De toenemende onrust in de wereld appelleert slechts aan één pijler, de gevoelde noodzaak en is zodoende niet de enige factor die het draagvlak voor Defensie doet stijgen of afnemen.

18.

Kunt u een overzicht leveren dat inzicht geeft in de overlast (geluid, hinder, stank) per militaire locatie en welke maatregelen daartegen genomen zijn?

Het is niet mogelijk een totaaloverzicht te geven van de overlast per militaire locatie. Voor het bereiken van operationele gereedheid zijn militaire oefeningen nodig. Defensie oefent in binnen- en buitenland. Om (geluids-)overlast te beperken, wordt ook geoefend met simulatoren en worden lokaal maatregelen getroffen om overlast zoveel mogelijk te beperken. Overlast voorkomen is niet altijd mogelijk. Bij afwijkende activiteiten informeert Defensie de omwonenden via gemeentes, een nieuwsbrief, internet of via sociale media.
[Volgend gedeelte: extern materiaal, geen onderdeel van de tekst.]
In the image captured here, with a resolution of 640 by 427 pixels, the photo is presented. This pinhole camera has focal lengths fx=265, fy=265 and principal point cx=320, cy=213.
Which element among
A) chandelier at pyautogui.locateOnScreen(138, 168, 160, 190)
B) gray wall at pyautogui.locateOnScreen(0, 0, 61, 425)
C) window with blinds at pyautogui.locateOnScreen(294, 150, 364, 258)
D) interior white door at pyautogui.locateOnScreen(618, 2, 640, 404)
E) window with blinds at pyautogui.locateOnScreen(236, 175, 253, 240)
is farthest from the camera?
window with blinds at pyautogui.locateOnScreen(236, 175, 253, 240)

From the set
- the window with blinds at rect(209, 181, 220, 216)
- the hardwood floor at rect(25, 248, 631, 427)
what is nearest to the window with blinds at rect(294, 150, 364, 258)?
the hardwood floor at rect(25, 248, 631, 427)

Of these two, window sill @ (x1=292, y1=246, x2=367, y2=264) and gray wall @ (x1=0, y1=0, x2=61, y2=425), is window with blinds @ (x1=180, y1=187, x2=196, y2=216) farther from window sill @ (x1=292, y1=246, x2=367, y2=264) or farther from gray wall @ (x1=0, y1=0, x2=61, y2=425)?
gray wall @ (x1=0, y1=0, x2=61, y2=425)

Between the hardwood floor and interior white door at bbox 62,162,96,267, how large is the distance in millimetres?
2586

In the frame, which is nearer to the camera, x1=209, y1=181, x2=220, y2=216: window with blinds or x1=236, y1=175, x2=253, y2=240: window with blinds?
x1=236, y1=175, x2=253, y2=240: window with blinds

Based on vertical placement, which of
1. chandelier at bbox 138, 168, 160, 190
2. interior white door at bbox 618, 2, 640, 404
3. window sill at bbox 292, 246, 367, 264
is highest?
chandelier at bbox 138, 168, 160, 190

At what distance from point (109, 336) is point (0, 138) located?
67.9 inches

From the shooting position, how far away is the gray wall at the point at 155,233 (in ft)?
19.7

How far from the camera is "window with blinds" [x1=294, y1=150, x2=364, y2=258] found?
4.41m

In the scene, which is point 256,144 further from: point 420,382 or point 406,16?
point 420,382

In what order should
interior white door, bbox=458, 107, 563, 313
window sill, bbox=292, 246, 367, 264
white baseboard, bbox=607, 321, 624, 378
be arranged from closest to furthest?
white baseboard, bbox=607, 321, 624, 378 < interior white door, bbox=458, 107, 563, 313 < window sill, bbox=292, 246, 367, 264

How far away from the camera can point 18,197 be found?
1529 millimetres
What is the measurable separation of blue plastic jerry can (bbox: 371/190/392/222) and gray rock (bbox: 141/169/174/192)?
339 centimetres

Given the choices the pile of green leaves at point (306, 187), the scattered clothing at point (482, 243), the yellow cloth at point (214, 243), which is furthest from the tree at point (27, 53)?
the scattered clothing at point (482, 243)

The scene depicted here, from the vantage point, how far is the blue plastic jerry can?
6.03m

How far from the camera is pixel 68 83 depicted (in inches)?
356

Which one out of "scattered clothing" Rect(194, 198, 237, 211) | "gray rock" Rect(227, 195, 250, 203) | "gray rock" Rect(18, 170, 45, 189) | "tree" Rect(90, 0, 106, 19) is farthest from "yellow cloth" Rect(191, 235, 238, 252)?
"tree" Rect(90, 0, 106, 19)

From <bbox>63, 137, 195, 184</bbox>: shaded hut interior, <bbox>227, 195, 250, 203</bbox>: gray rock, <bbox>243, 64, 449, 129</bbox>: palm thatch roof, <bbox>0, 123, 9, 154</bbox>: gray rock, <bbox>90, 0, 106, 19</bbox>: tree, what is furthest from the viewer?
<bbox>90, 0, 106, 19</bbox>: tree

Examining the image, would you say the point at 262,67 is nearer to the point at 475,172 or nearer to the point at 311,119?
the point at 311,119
Defensie dient zich voor al haar activiteiten te houden aan de wettelijke normen en eisen die daarop van toepassing zijn. Mensen die hinder ondervinden kunnen dit via een formulier of telefonisch melden. Waar nodig gaat Defensie lokaal in gesprek om uitleg te geven over haar activiteiten en welke ruimte er is om tegemoet te komen aan zorgen van de omgeving.

19.

Waarom komt er nauwelijks Defensiepersoneel uit Flevoland, Groningen en Overijssel?

20.

Zijn er cijfers over de provinciale afkomst van Defensiepersoneel uit het verleden bekend? Zo ja, kunt u deze met de Kamer delen?

Defensie houdt geen overzichten bij van in welke provincies medewerkers van Defensie wonen. De kaart Personeelsopbouw per provincie in de Stand van Defensie geeft aan waar defensiepersoneel werkzaam is (standplaats). In de provincies Flevoland, Groningen en Overijssel zijn weinig defensielocaties, maar dat wil niet zeggen dat hier nauwelijks personeel woont.
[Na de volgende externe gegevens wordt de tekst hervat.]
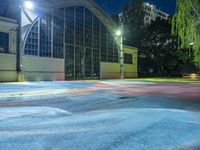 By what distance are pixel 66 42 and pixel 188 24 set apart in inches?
965

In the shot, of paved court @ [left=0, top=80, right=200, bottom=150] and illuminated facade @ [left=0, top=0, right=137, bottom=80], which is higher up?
illuminated facade @ [left=0, top=0, right=137, bottom=80]

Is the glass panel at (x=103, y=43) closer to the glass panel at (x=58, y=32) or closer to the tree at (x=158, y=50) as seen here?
the glass panel at (x=58, y=32)

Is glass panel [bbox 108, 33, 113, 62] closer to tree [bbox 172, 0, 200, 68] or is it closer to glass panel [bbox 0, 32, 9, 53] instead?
glass panel [bbox 0, 32, 9, 53]

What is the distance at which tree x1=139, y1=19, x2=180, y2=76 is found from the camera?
2158 inches

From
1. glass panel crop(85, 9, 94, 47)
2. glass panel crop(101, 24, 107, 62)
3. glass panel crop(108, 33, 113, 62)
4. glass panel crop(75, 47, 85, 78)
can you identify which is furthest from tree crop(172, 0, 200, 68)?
glass panel crop(108, 33, 113, 62)

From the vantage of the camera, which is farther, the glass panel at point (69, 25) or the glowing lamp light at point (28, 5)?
the glass panel at point (69, 25)

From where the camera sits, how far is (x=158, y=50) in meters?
55.0

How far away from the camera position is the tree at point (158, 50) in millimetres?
54816

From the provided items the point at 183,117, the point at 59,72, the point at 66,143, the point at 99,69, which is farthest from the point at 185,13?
the point at 99,69

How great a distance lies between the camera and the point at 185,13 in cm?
1077

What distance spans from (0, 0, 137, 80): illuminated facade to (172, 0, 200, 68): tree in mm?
18717

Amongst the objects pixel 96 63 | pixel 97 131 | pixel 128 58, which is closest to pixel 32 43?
pixel 96 63

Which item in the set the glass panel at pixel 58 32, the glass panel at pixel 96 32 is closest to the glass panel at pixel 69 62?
the glass panel at pixel 58 32

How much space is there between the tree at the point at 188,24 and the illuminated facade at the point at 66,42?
1872cm
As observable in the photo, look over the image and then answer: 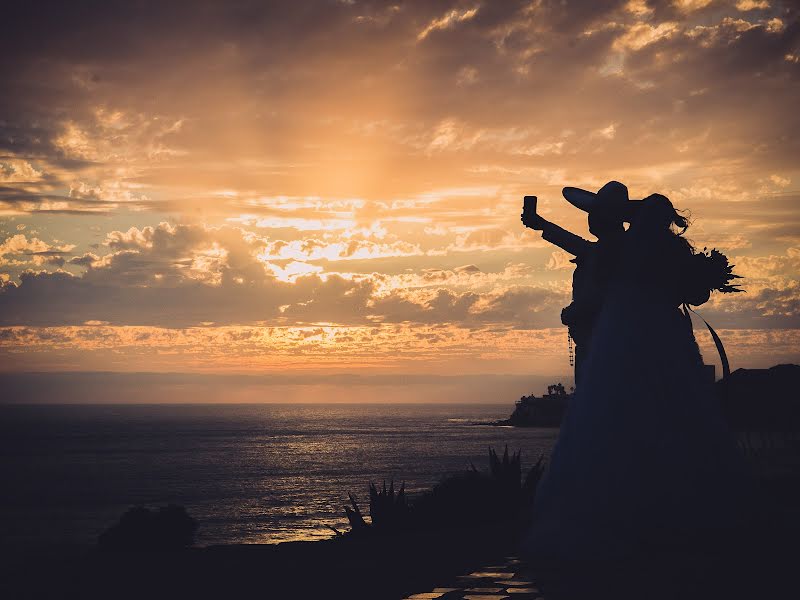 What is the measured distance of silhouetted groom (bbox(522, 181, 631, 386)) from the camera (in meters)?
10.9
In onderstaand overzicht wordt de personeelsopbouw per provincie vanaf 2019 inzichtelijk gemaakt in het kader van de inventarisatie spreiding Rijkswerkgelegenheid.

21.

In wat voor eenheden wordt bijdrage aan missies, operaties en activiteiten gemeten? Is dat aantal militairen?

De aantallen in de tabellen (van missies, operaties en activiteiten) betreft inderdaad het aantal militairen.

22.

Worden de Nederlandse militairen die meedoen aan de militaire C2-structuur van de Europese Unie in rotaties van maanden of voor plaatsingen van meerdere jaren gedetacheerd?
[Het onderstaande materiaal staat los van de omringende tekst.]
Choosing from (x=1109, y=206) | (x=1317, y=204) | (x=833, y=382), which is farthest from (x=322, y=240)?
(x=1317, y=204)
De 3,5VTE3 die worden gedetacheerd bij MPCC zijn reguliere plaatsingen, dus in beginsel minimaal 3 jaar.

24.

Welke bestedingen zijn er op dit moment al gedaan binnen de Act in Support of Ammunition Production (ASAP)-faciliteit?

Op dit moment is er nog geen budget vanuit ASAP uitgekeerd. Bedrijven hadden tot 13 december jl. de tijd om in Brussel voorstellen in te dienen en de Europese Commissie zal naar verwachting in het tweede kwartaal van 2024 overgaan tot het verstrekken van subsidies. Zodra daar meer bekend over is, wordt uw Kamer daarover geïnformeerd.

25.

In welk document ligt de definitie vast van wat binnen en buiten de NAVO-norm voor Defensie-uitgaven valt?

De richtlijn van de NAVO voor het toerekenen van uitgaven tot defensie-uitgaven is vastgelegd in de NATO Defence Expenditure Definition (AC-2810).

26.

In welk jaar bent u van plan de NAVO-norm te halen?

Om de noodzakelijke versterking van de afschrikking en verdediging van de NAVO te kunnen realiseren, hebben alle NAVO-bondgenoten tijdens de NAVO-top in Vilnius afgesproken om structureel tenminste 2% van het BBP aan Defensie te besteden. Zie ook het antwoord op vraag 15. Om de defensie-uitgaven aankomende kabinetsperiode structureel ten minste 2% van het BBP te houden zijn aanvullende investeringen nodig. Besluitvorming over nieuwe of aanvullende de defensie-uitgaven is aan het nieuwe kabinet.

27.

Is de militaire transport en logistiek al afgesteld op de New Force Model en de vraag van hoe snel troepen zich moeten kunnen verplaatsen? Zo nee, welke verbeteringen worden hiervoor gepland?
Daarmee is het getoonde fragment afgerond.